Actually, there is also only one intersection for 0 < k \leq 1. Anyway, here's the proof:
Let k > 0. For 0 < k \leq 1, we have k^x constant or decreasing while kx is increasing. Hence it is easy to show that there is only one intersection, in fact at x = 1.
Now assume k > 1 and let f(x) = k^x - kx so that f(x) = 0 whenever k^x = kx. Now we can notice a few things.
Firstly, as x \to -\infty, we have k^x \to 0 and kx \to -\infty, and so f(x) \to \infty.
Secondly, as x \to \infty, we have \frac{k^x}{kx} \to \infty since k > 1 and so f(x) \to \infty.

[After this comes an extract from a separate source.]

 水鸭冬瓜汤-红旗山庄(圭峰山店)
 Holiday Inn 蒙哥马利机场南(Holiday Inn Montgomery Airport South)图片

Lastly, we can see that f(1) = k^1 - 1 \cdot k = 0 for any k.
Considering the limits shown above, if f(x) < 0 for some x, then there must be at least two zeros of f by the intermediate value theorem. Thus, if there is only one intersection, we must have f(x) \geq 0 for all x. So f is a minimum at its only zero (which must be 1 by our last observation above). Since f differentiable, this means we must have f'(1) = 0. Since f'(x) = \log(k)k^x - k so the criteria f'(1) = 0 implies \log(k)k - k = 0. But k > 0 and so \log(k) = 1 \implies k = e which you observed.